Issue: 21
Author: Rob Schrab
Publisher: Image
Price: $3.50
SCUD THE DISPOSABLE ASSASSIN #21
By: Kurt Amacker, ColumnistReview Date: Friday, February 15, 2008
Rob Schrab’s Scud the Disposable Assassin returns to Image after a 10 year absence. In a future where robotic assassins dispose of their targets and then self-destruct, Scud decided to live. He dismembered his target, Jeff – an amorphous female creature that only spoke in pop culture quotes. Leaving Jeff on life support, Scud worked mercenary jobs to pay the hospital bills and, thus, keep himself alive. He even found a girlfriend along the way, who died at the hands of a bunch of very mean angels. Then, the blackness came.

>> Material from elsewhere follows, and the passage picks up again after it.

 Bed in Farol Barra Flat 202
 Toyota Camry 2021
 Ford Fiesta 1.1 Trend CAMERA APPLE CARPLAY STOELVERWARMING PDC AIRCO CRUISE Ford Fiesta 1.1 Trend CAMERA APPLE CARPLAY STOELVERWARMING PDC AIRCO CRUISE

When he awakes in this 21st issue, the angels offer to return his lady love if he’ll burrow to the center of the Earth and blow it up from the inside. He agrees, without question. Scud spends most of this issue reacquainting himself with his supporting cast, many of whom are distraught following the bloody Zoo War between Voodoo Ben – with his zombie army – and the Spider-God, who no longer has legs. Scud’s old sidekick, Drywall, arrives to make things even more interesting. Everyone’s happy that the disposable assassin is back, but none of them realize that his return means the end of the world.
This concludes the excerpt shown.